Allen v. Fed. Bureau of Prisons, No. 00-342 (D.D.C. Aug. 26, 2002) (duty to disclose: while defendant does not possess and may never have possessed transcripts of telephone conversations between plaintiff and his attorney, defendant is ordered to provide plaintiff with cassettes containing recordings of all of the calls made to his attorney's telephone numbers within 30 days; within 30 days, defendant also must provide a list of all telephone calls contained in the tapes and a printout showing calls to his attorney's telephone numbers within the designated time frame) (sanctions: because while plaintiff's FOIA request was pending the prison taped over some of the telephone conversations that plaintiff had requested, defendant must reimburse plaintiff's filing fee and all postage and copying costs; cassette recordings shall be provided free of charge as well).

Am. Lawyer Media, Inc. v. SEC, No. 01-1967, 2002 U.S. Dist.

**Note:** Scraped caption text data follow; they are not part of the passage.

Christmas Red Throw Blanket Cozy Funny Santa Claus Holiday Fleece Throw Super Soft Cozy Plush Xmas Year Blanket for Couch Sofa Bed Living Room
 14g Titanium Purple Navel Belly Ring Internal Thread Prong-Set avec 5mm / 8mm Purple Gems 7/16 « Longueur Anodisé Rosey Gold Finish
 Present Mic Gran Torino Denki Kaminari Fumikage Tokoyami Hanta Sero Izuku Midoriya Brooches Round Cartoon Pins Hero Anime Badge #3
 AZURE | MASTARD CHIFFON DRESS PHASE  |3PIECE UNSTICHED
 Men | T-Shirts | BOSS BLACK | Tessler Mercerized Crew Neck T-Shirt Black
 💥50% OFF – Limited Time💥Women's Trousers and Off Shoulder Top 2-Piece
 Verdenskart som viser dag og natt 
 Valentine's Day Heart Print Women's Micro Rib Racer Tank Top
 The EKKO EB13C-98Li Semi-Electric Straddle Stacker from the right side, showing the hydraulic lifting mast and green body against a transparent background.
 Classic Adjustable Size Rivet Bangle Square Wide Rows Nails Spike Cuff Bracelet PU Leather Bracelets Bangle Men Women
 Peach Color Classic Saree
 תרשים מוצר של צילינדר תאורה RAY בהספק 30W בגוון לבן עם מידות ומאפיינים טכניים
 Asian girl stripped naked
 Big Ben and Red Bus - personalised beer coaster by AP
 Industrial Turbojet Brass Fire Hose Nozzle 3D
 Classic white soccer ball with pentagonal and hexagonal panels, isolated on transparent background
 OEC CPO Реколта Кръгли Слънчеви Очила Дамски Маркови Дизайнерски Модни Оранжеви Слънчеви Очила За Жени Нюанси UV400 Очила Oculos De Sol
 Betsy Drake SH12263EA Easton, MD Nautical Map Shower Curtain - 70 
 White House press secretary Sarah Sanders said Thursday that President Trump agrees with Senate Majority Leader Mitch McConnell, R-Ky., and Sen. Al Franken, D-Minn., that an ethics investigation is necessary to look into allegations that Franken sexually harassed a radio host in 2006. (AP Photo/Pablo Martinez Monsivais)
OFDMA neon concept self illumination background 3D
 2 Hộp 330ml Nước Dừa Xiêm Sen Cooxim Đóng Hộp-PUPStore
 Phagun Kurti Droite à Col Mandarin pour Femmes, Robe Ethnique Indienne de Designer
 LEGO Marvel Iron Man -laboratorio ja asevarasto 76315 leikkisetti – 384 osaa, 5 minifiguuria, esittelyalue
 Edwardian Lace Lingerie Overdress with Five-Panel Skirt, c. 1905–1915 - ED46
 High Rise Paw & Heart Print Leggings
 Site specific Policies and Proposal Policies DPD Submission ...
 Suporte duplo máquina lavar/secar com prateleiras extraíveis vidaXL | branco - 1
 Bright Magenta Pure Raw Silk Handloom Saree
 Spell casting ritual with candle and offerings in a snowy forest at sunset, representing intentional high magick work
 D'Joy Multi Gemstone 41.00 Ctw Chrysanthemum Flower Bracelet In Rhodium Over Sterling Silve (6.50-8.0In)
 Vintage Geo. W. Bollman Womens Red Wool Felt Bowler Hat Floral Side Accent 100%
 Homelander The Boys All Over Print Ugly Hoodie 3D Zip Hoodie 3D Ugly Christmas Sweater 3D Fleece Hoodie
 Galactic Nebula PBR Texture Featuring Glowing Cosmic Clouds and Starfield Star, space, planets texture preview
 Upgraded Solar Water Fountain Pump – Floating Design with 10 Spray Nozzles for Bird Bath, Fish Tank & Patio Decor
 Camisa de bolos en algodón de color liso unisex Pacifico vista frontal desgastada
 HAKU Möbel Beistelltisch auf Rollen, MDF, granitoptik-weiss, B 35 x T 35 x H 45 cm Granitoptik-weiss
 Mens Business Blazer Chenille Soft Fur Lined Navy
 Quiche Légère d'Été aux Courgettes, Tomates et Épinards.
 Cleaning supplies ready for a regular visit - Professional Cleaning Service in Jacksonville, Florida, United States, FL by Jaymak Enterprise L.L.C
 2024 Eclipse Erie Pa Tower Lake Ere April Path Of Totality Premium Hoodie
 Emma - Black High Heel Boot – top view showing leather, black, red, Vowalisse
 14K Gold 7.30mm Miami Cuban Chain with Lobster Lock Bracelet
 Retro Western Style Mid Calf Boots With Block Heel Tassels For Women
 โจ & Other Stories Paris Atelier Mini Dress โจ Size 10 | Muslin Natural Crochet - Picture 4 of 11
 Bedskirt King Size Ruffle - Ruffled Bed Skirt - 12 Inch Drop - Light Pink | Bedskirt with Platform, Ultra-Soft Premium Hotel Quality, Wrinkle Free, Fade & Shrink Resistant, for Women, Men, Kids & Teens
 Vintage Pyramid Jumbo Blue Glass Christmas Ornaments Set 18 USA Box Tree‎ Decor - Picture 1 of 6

LEXIS 16940 (D.D.C. Sept. 6, 2002) (waiver: SEC did not waive its right to withhold portions of the nonpublic version of its FOIA/PA training manual when its FOIA/PA Officer permitted plaintiff to review the manual during a training conference, because plaintiff has not established that the manual was in the public domain) (Exemption 2 "high": protects exhibits to the manual containing explanations of SEC's internal computerized databases and excerpts of indices to confidential historical information, because "disclosure of this material would create a great security risk to SEC computer and operations systems, allowing a member of the public to hack into computer systems and 'circumvent[] agency regulation' or statutes"; Exemption 2 "low": protects exhibits consisting of blank forms and instructions used internally in the processing of FOIA requests, the manual's table of contents, and sections of the manual discussing the administrative steps in handling FOIA requests, because they are of no public interest; does not protect one exhibit containing a list of codes indicating the disposition of FOIA requests, because this information is of general public interest) (Exemptions 2 "high" and 5: do not protect 2 terms defined in the Definitions section or 2 manual sections illustrating how the exemptions apply to different types of SEC records, because this constitutes general legal instructions to the SEC staff; protect sections of the manual relating to internal referral memoranda) ("reasonably segregable": all reasonably segregable, nonexempt information has been released).

Bey v. FBI, No. 01-0299 (D.D.C. Aug. 2, 2002) (Exemption 7(C): does not protect most of a list of telephone numbers, captured on a court-ordered pen register, that were dialed from a telephone in plaintiff's house from April to July 1986; most of the numbers are a matter of public record because they were made public in open-court testimony at plaintiff's criminal trial and must be disclosed on that basis; FBI must release the numbers that were disclosed at trial within 30 days).

Boers v. Mueller, No. 01-2497 (D.D.C. July 9, 2002) (plaintiff's motion for reconsideration denied where court earlier found that he failed to exhaust his administrative remedies because he had not paid the duplication fees associated with his FOIA request).

Bonnichsen v. United States, 217 F. Supp. 2d 1116 (D. Or. 2002) (mootness: in this case where plaintiffs sought judicial review of an agency's final decision concerning the remains of "Kennewick Man," finds that the FOIA issue is moot because all of the responsive information is included in the 22,000-page administrative record).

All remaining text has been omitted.